<<<<

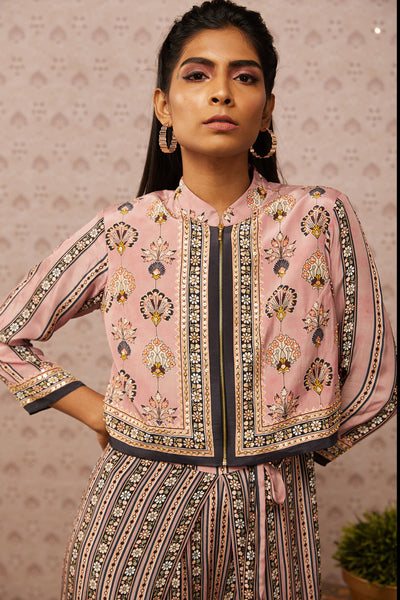 Sougat Paul Sarouk Printed Jumpsuit With Jacket western indian designer womenswear fashion online shopping melange singapore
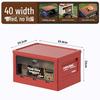 XL Folding Outdoor Storage Box with Wood Lid & Side Opening for Camping & Car Trunk Organization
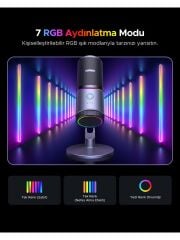 UGREEN 35629 CM769 ENC / DSP RGB Işıklı Oyun USB Masaüstü Mikrofon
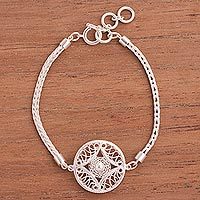 Sterling silver filigree pendant bracelet,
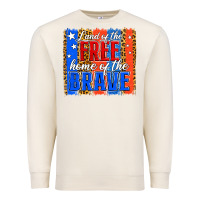 Sandshell Land of the Free 4th of July Brushstroke Premium Sweatshirt - Jasminsmagicworld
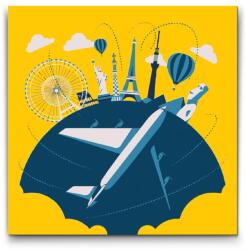  Festés számok szerint - Utazás a világ körül Méret: 50x50cm, Keretezés: Kartonlemezen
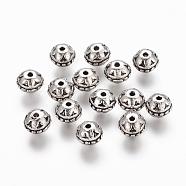Tibetan Style Alloy Beads, Round, Lead Free & Nickel Free & Cadmium Free, Antique Silver, about 8mm in diameter, 7mm thick, hole: 1.5mm(LF11126Y-NF)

>>>>

**BRIEF:** Copy the lines of the records, beginning where the line containing "Sandshell Land of" appears and continuing through the final line, exactly and with no pictures.

**ANSWER BOX:**
 Sandshell Land of the Free 4th of July Brushstroke Premium Sweatshirt - Jasminsmagicworld
  Festés számok szerint - Utazás a világ körül Méret: 50x50cm, Keretezés: Kartonlemezen
Tibetan Style Alloy Beads, Round, Lead Free & Nickel Free & Cadmium Free, Antique Silver, about 8mm in diameter, 7mm thick, hole: 1.5mm(LF11126Y-NF)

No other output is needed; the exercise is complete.